Thinking of A as a signal $x[n]$, and using the Z transform, the succesive sums can be thought as $y_k[n]$, the output of cascaded LTI one-pole filters. The resulting filter response is given by $$H_k(z)= \left( \frac{1}{1-z^{-1}} \right)^k$$

with $$Y_k(z) = H_k(z) X(z)$$

We require each $y_k[n]$ to be convergent -and summable-, hence $$Y_k(1) < \infty$$ for all $k$. This would require $X(z)$ to have an zero of infinite multiplicity at $z=1$. Hence, the only possible solution seems to be the identically zero signal (what remains here is to consider if some $x[n]$ can provide us a $X(z)$ with such a infinutely-multiple zero - I'd say no, but I'm not sure).

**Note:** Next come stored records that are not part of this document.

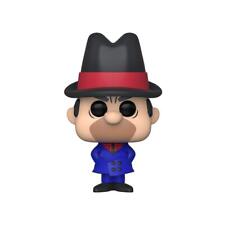 Funko Clyde NYCC 2019 Convention Limited Edition Wacky Races Exclusive POP #601 picture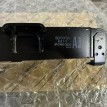 Радиатор АКПП Toyota Highlander III (U50)  оригинальный номер 32910-48190
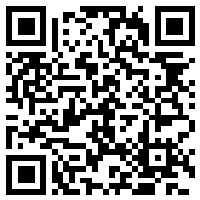 QR Code for bitcoin:bitcoin:bitcoin:dash:XmiSCB7J2XK46F6ezHX3zBEpp9WhebHqfz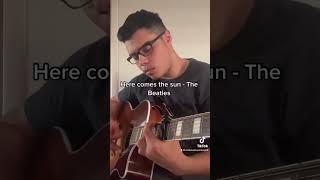 Songs that sound better on a 12 string guitar #guitar #music
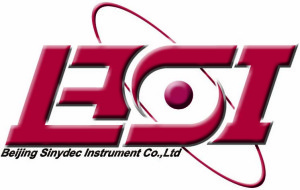 BSI_LOGO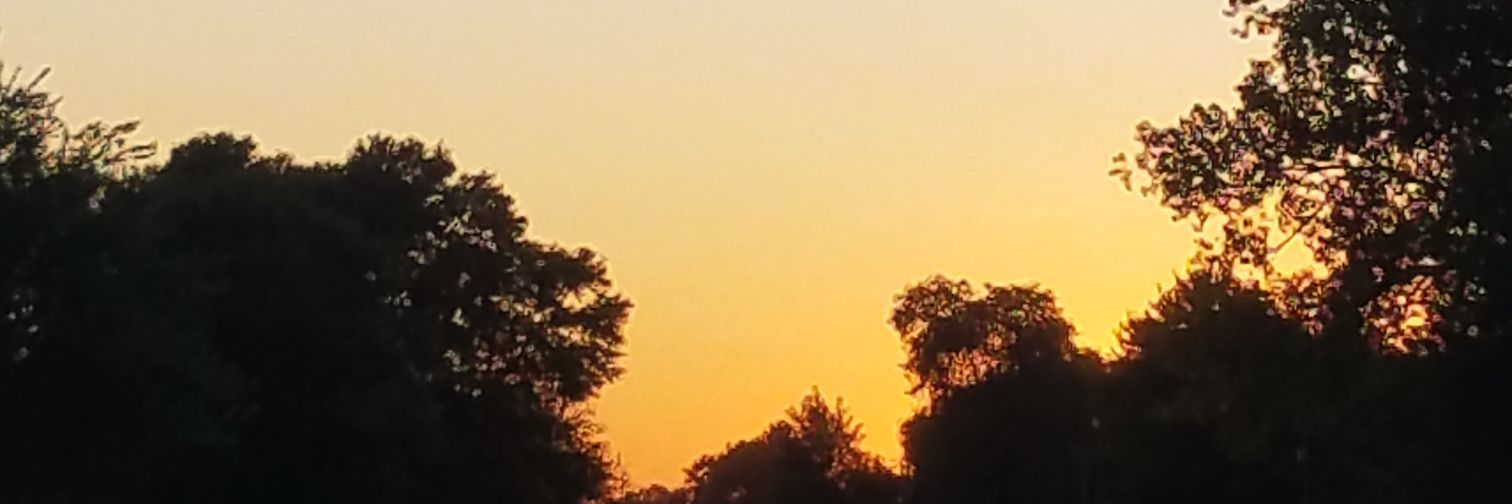 djcorp69's profile banner image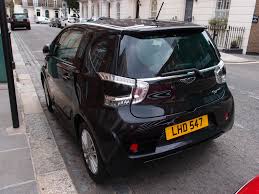 Image result for Azurite Black II 2012 Cygnet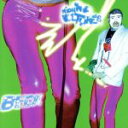 【中古】 【輸入盤】Midnite　Vultures／ベック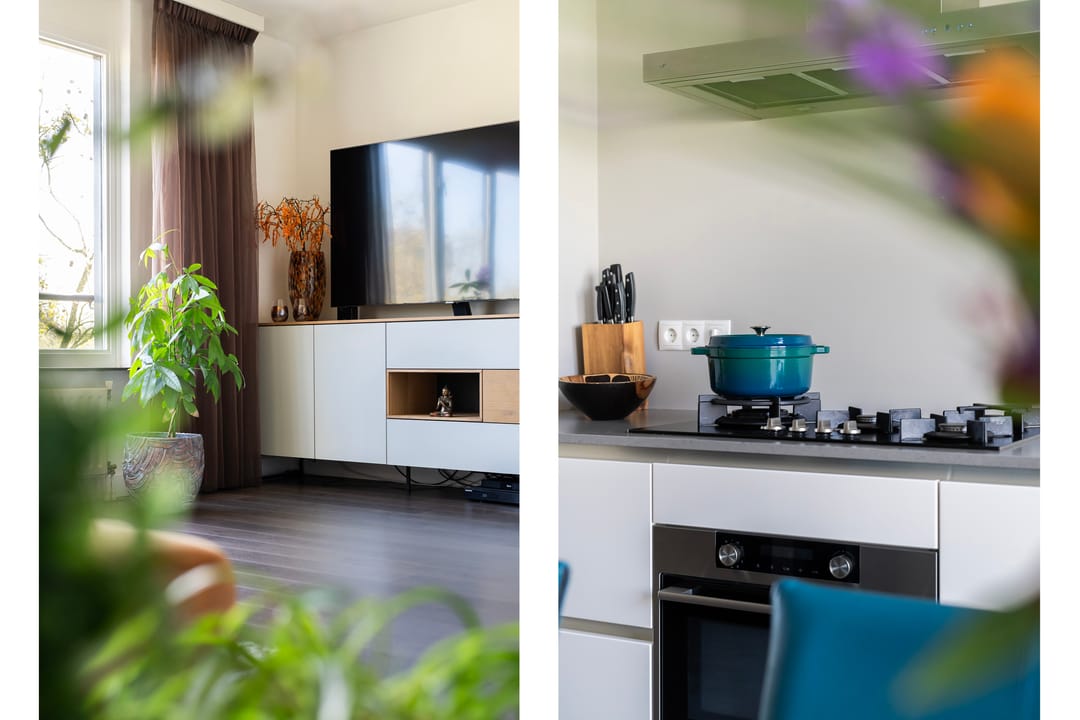 Foto 11 van Factorij 30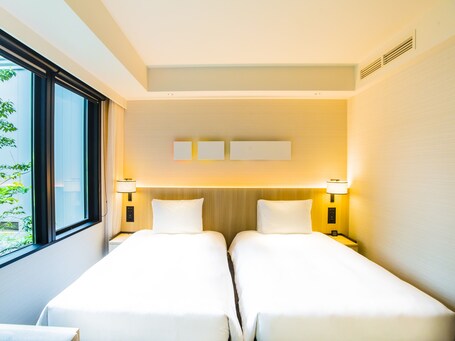 Hyatt Place Kyoto - Image 137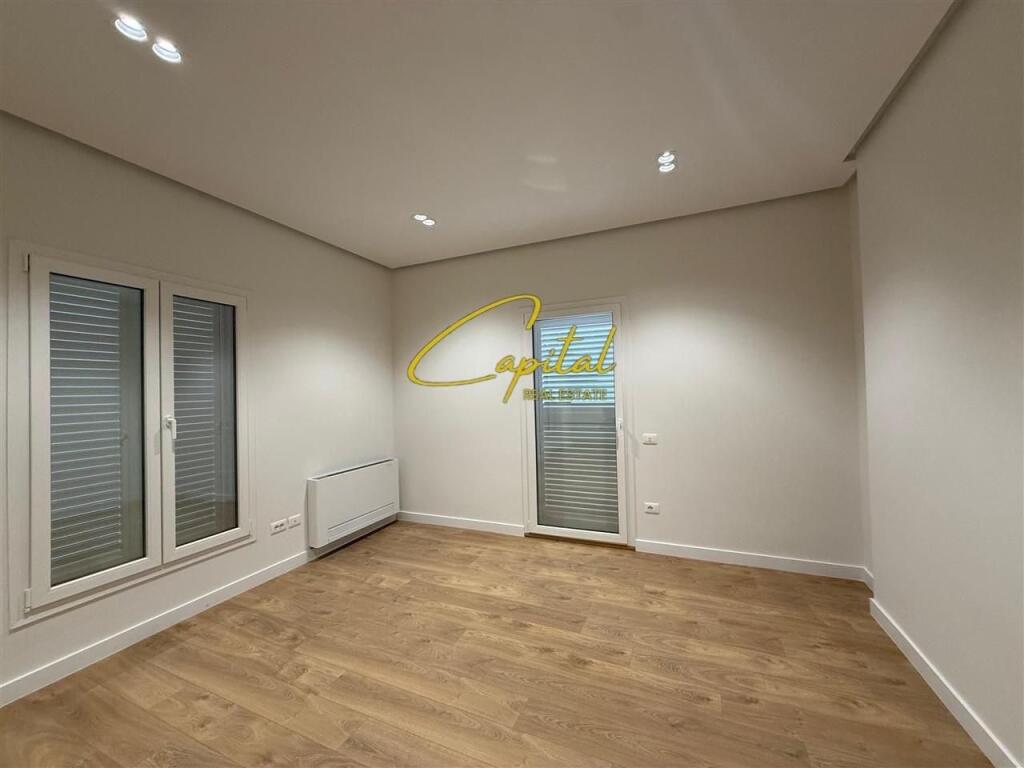 PRIVATE VILLA FOR RENT 360 M2 AMERICAN EMBASSY 9000 EURO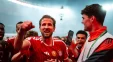 اولی هوینس اسطوره بایرن مونیخ : بارسلونا اصلاً پولی ندارد تا هری کین را بخرد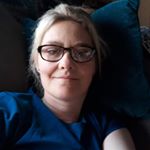 Profile Picture of Melanie Monaghan (@lukeewan26) on Instagram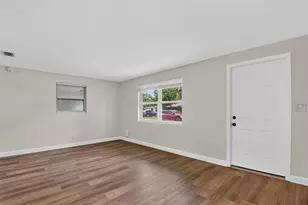 305 Joyce St, Edgewater, FL 32132 - Photo 23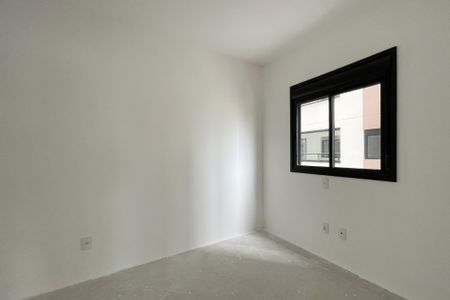 Apartamento à venda com 75m², 2 quartos e 2 vagasQuarto 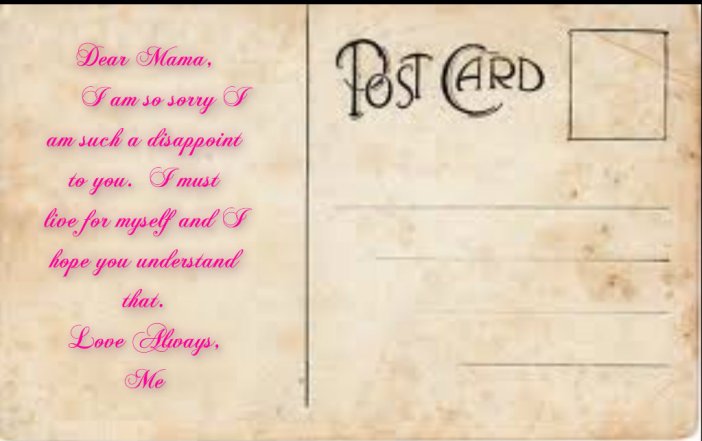 pizap.com141387506630538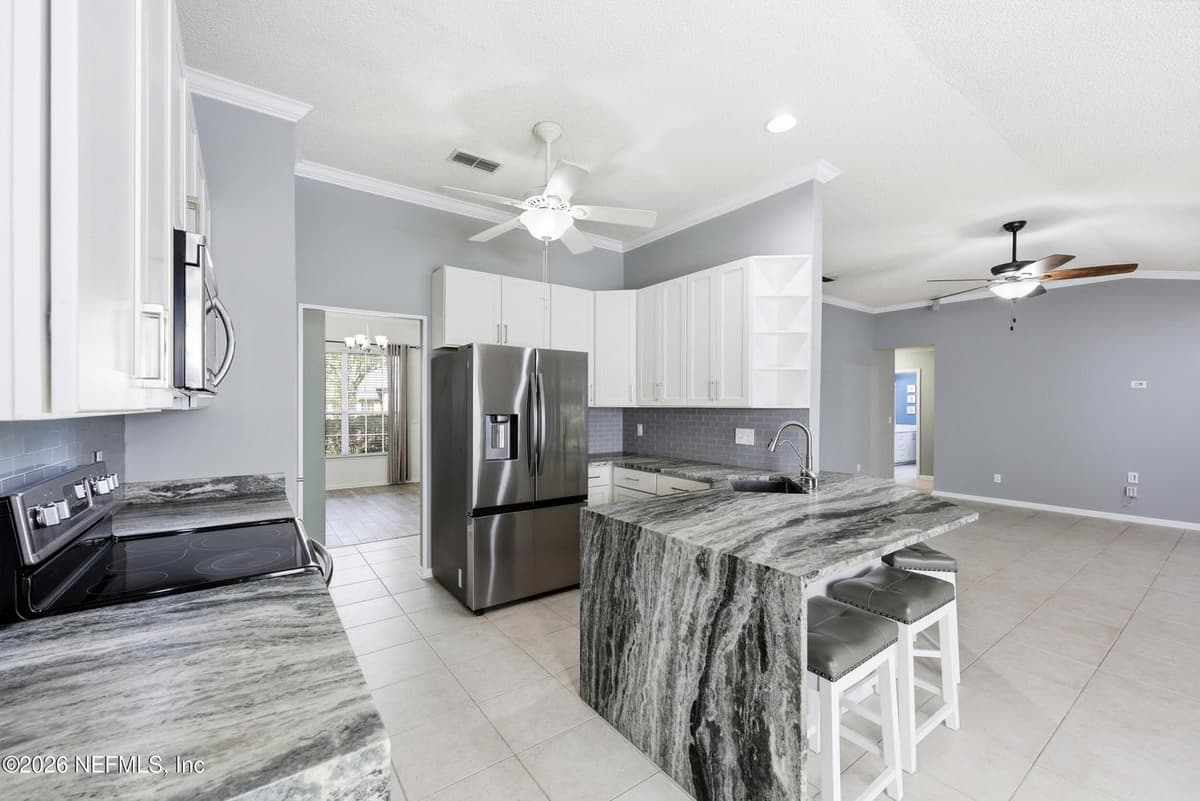 2119 BRIGHTON BAY Trail W, Jacksonville, FL 32246 3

Update: I think the rigourous proof would involve showing that $X(z)$ is analytic (it's defined as a power series) and hence it may only have zeroes of finite multiplicity (eg)

Update 2: For the benefit of those not familiar with the Z tranforms, here's a brief explanation - I use here $z$ instead of $z^{-1}$. Let

$$X(z) = \sum_{n=0}^\infty x[n] z^n$$

where $x[n]$ is the original sequence and $z$ a complex variable. The series converges in a circle that includes $z=1$, hence $X(z)$ is analytic in that region. Further, let $Y_k(z)$ be the analogous function defined for the $k$ sum. As $y_1[n]=y_1[n-1]+x[n]$ we get $Y_1(z) - z Y_1(z) = X(z) $, hence

$$Y_1(z) = \frac{X(z)}{1-z}$$

And also

$$Y_k(z) = \frac{X(z)}{(1-z)^k}$$

And because all summations must be summable, $Y_k(1) <\infty$, what would require $X(z)$ to have a zero of infinity multiplicity at $z=1$. But then all its derivatives would be zero, and then (as it's analytic) it would be the constant zero function.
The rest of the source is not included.